Elle aimait ce quartier coloré où elle était une anonyme, presque libérée de ses déterminismes. Ici, elle pouvait être qui elle voulait, et aujourd’hui elle se contenterait d’être une simple étudiante. Les jambes en coton, la sangle de son sac de cuir rentrant douloureusement dans son épaule, elle était aussi rompue que toute autre élève, les yeux usés par les mots et ne demandant qu'à s'asseoir. Elle se plaisait cependant dans cette fatigue nouvelle, dans cette lubie de tout faire à pied, d'arpenter. Marche et pensée étaient les meilleures compagnes de voyage - les moines et les artistes l'ont toujours su.
La vitrine chaleureuse d’un café attira son regard. Peut-être était-ce son nom, qui l’avait amusée et qui avait guidé ses pas à l’intérieur. « Le gai savoir. » Le lieu respirait le calme. Les effluves de café torréfié lui chatouillaient les narines. Elle inspira avec plaisir, laissant sa fatigue à l’entrée, s’installant sur une petite table à l’angle, près d’une fenêtre, attendant patiemment qu’on vienne la servir.
La lecture n’attendant jamais, elle ne perdit pas un instant pour extraire de sa sacoche une petite pile de bouquins qu’elle étudiait ces derniers temps pour compléter sa formation. Plongée dans les moralistes classiques depuis quelques mois, Les mémoires d’outre-tombe de Chateaubriand reposaient à côté des Essais de Montaigne. Mais entre ses doigts délicats se tenait le livre qu’elle chérissait par-dessus-tout : Les Pensées de Pascal, une édition cornée et très annotée qu’elle avait lue en long, en large et en travers ; mais qu’elle n’avait jamais fini d’explorer.

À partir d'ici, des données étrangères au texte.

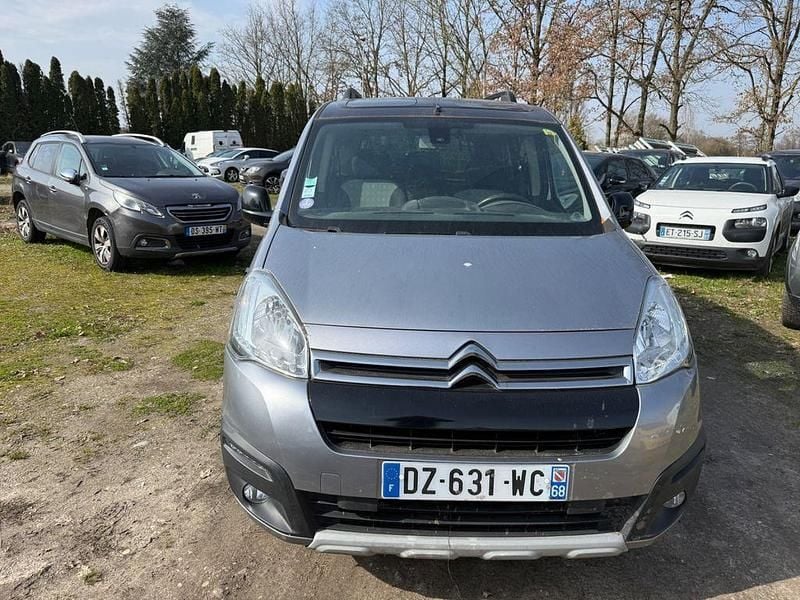 Gebraucht Citroën Berlingo XTR 120 PS (88 kW) 2016 Van / Kleinbus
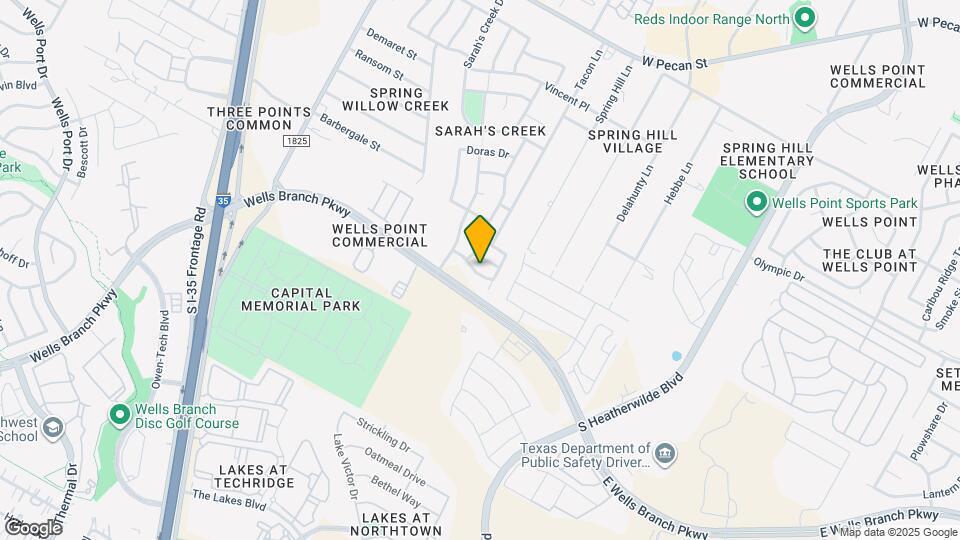 1012 Traci Michelle Dr Map and Location Details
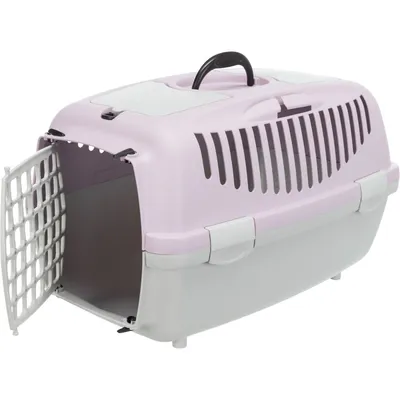TRIXIE Capri Transportbox für kleine Hunden und Katzen aus Kunststoff TRIXIE Capri Transportbox für kleine Hunden und Katzen aus Kunststoff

Aujourd’hui, c’était la nature de l’amour-propre qui l’intéressait. Les mots « illusion volontaire » avaient tourné dans son esprit depuis quelques jours. Des mots qui lui parlaient – des mots dont elle sentait la culpabilité peser sur ses épaules. La philosophie avait joué un rôle majeur dans sa pensée depuis qu’elle avait eu sa révélation : il n’était plus question pour elle d’obéir au dogme, mais bien d’explorer sa pensée-propre et ses croyances : c’est pour cette raison qu’elle lisait de tout, avec un œil aussi impartial que possible, elle cherchait des réponses chez ceux qui s’étaient obstinés à poser des questions toute leur vie.